The original Berliner Tor U-Bahn station was designed by the architect, Erich Elingius, and built between 1908 and 1910, opening on 1 March 1912. It had a brick wall on the North, and some glass walls on the South.

During the British Operation Gomorrah (air raids) in 1943, the damage to the station was so severe that the U-Bahn was no longer able to serve the line. On 19 January 1948, the station re-opened as a terminus for trains to Barmbek via Schlump, and from 1 July 1949, trains continued again to Mundsburg.

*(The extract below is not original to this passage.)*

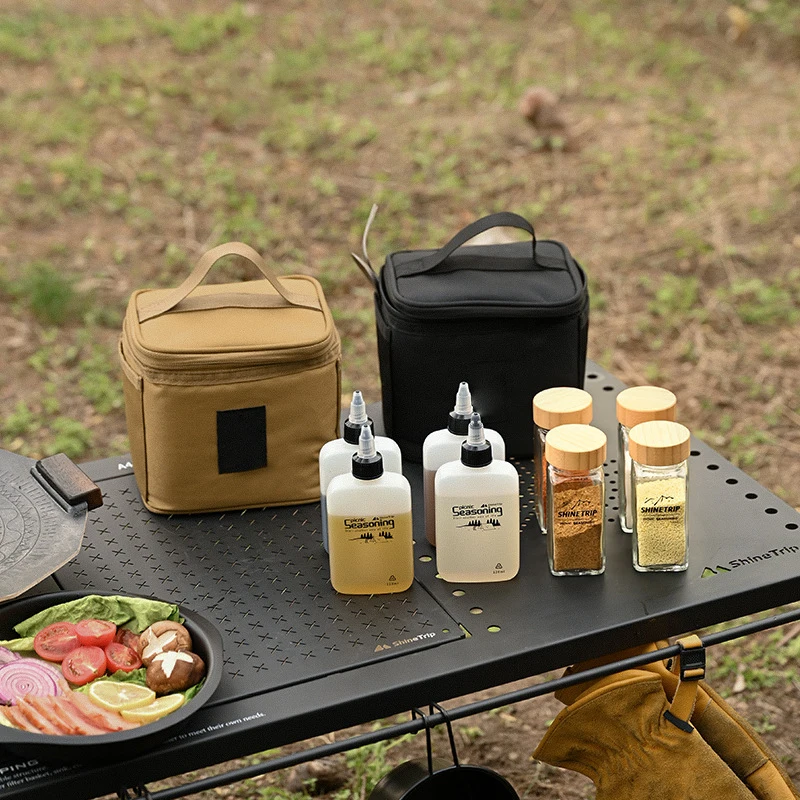 ชุดขวดเครื่องปรุงสำหรับตั้งแคม - Camping Cooking Oil Bottle บทวิจารณ์และราคา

From 1962 to 1964, a new station complex was built to the North of the old one, and it opened on 10 May 1964, after which the old building was demolished. Between 1964 and 1966, the station was expanded from two platforms to four. From 2 January 1967, the U3 served the station, and between September 1968 and June 1973, the U21.

Services 
Berliner Tor is a station for the rapid transit trains of the lines S1, S11, S2 and S21 of the Hamburg S-Bahn and the lines U2 and U3 of the Hamburg U-Bahn. In front of the railway station exits, there are various bus stops.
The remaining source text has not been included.